→ TASK OBJECTIVE
An exact transcription of every entry is required. Images are not part of it.

=== Begin Enclosure ===

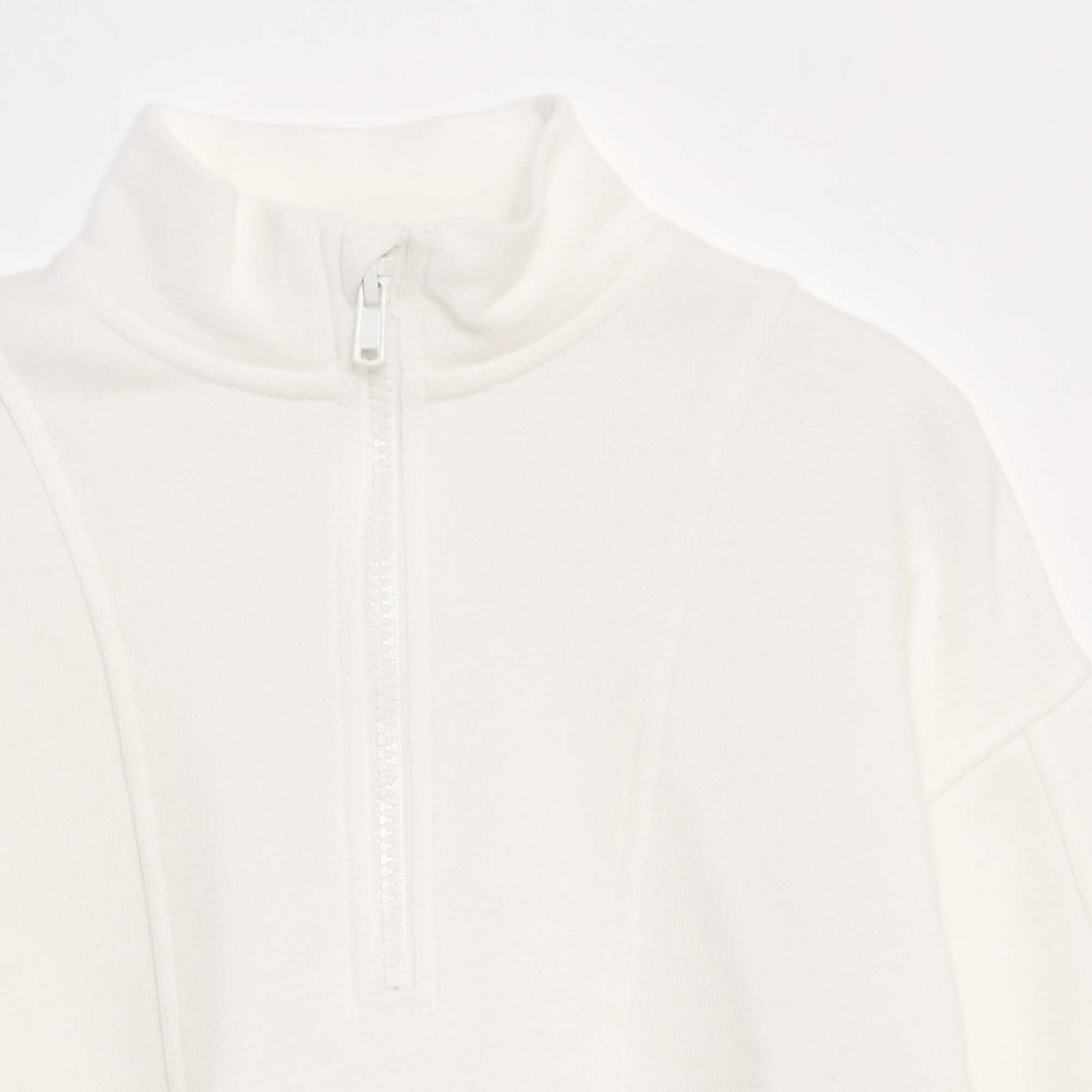 Sweat camionneur avec col zippé BLANC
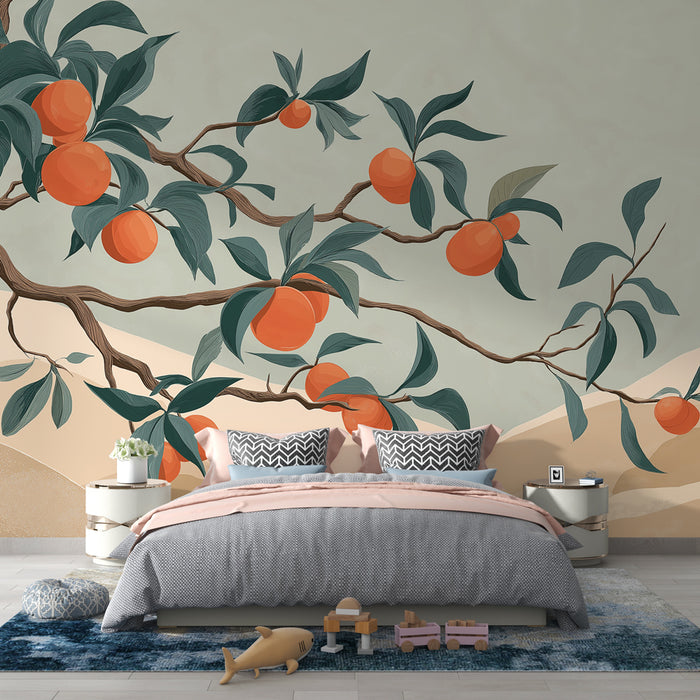 Une chambre moderne avec un papier peint représentant des branches d'orange aux fruits éclatants, créant une atmosphère fraîche et vivante.
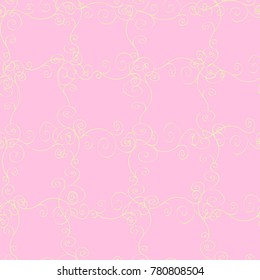 Seamless pastel pink pattern with hand-drawn strips of curls, spirals and waves 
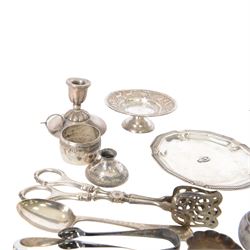 Group of silver, including sugar tongs, christening set, egg  cup, salt, strainer, silver mounted cutlery and Continental silver, together with silver plated items and other metalware 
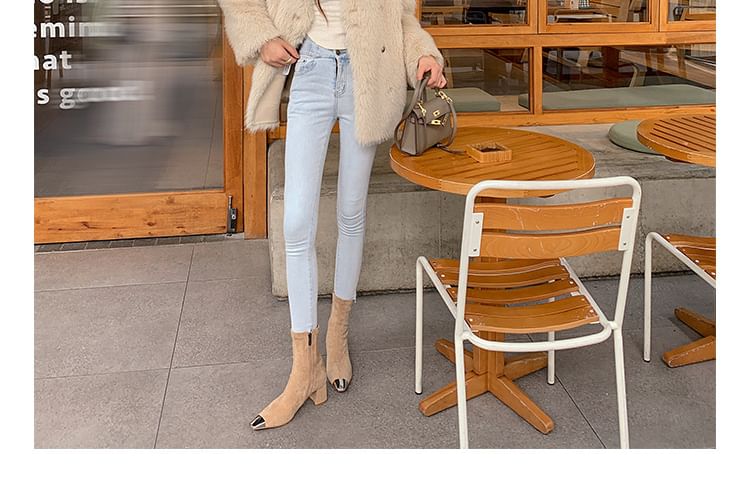 Heel Detail Boots Metal Block Short Plain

=== End Enclosure ===

→ REPLY TO THE EXERCISE
 Sweat camionneur avec col zippé BLANC
 Une chambre moderne avec un papier peint représentant des branches d'orange aux fruits éclatants, créant une atmosphère fraîche et vivante.
 Seamless pastel pink pattern with hand-drawn strips of curls, spirals and waves 
 Group of silver, including sugar tongs, christening set, egg  cup, salt, strainer, silver mounted cutlery and Continental silver, together with silver plated items and other metalware 
 Heel Detail Boots Metal Block Short Plain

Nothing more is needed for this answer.